The infinite dimensional network of the brain has evolved to mimic the infinite dimensional world to allow the deepest possible immersion. If AI systems can achieve this kind of immersion, they will indeed match and then surpass human intelligence.

Do you have any qualms about a future in which computers have human-level (or greater) intelligence?

Only now are humans realizing that the human brain, as an organ belonging to an individual, already has superhuman capabilities: Every human brain embodies layers upon layers of knowledge and experience developed by all the other brains, present and past, who have contributed to building our societies, cultures, and physical environment. So even if we create algorithms with higher “IQ” and better problem-solving abilities than any individual, even if we give them the ability to build ever more intelligent versions of themselves, we will still be far from achieving the superhuman intelligence we observe in individual humans today. Furthermore, in the same way that the human brain embodies the physical and cultural world, it also embodies the technologies we create, including any artificial brains we may create. If artificial intelligent life-forms add to human intelligence it will be difficult for them to surpass it.

I am not as worried about whether we will succeed in achieving superhuman artificial intelligence as I am about partial successes in our attempts at it; the graveyard of partial evolutionary successes is vast and full of aberrations. To cross the valley of death will pose many dangers for the human race.

To make sure that superintelligent artificial beings don’t become to us what a car is to a bird, or a GPU is to our grandmother, we have to consider how our creations are immersed into society: what tasks we give them, what tasks we reserve for ourselves, how and what we allow them to learn from us, how and what we manage to learn from them.

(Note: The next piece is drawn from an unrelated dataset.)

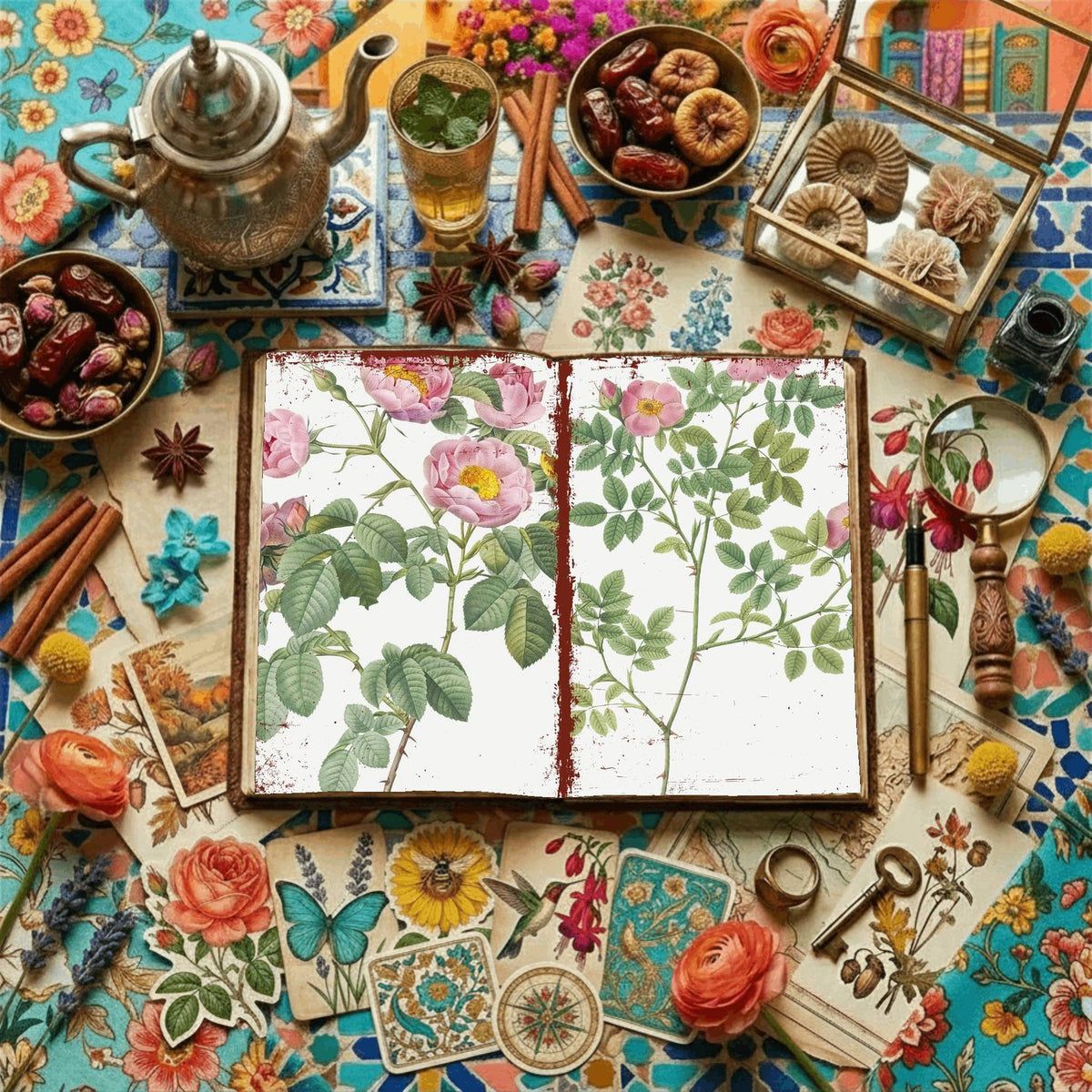 Floral Illustrations Digital Papers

More important, if we give them human emotions and desires, we will get the full range of good and bad scenarios we get from Homo sapiens. Fear, for example, short-circuits the most evolved parts of the brain, breaking the deep immersion that gives us our intelligence and allows us to focus on our own immediate survival. This is not how we want superintelligent beings to react, particularly if we have given them critical decision-making powers.

Genuine superhuman artificial intelligence is perhaps less scary. Humans are only conscious of a minuscule part of the knowledge we gather through our immersion into the world. This unconscious knowledge has many layers we cannot process consciously. Most of the time, humans do not really know why they act the way they do and spend a lifetime in self-discovery. Superintelligent artificial systems would not have this problem. Not only will they be able to immerse themselves much deeper than humans do, they will have full access to all the layers they have embodied—they will be fully conscious beings.

If I am right that intelligence is the product of immersion, superhuman artificial beings might then turn out to be far more rational than we are. They will be seeing and understanding the deepest meaning even in the simplest of life-forms and are also likely to be much more compassionate than we are.

What we need to look out for is the shallower versions of artificial intelligence, complete with human desires and emotions such as fear, but without the deep immersion that can put these desires and emotions in context.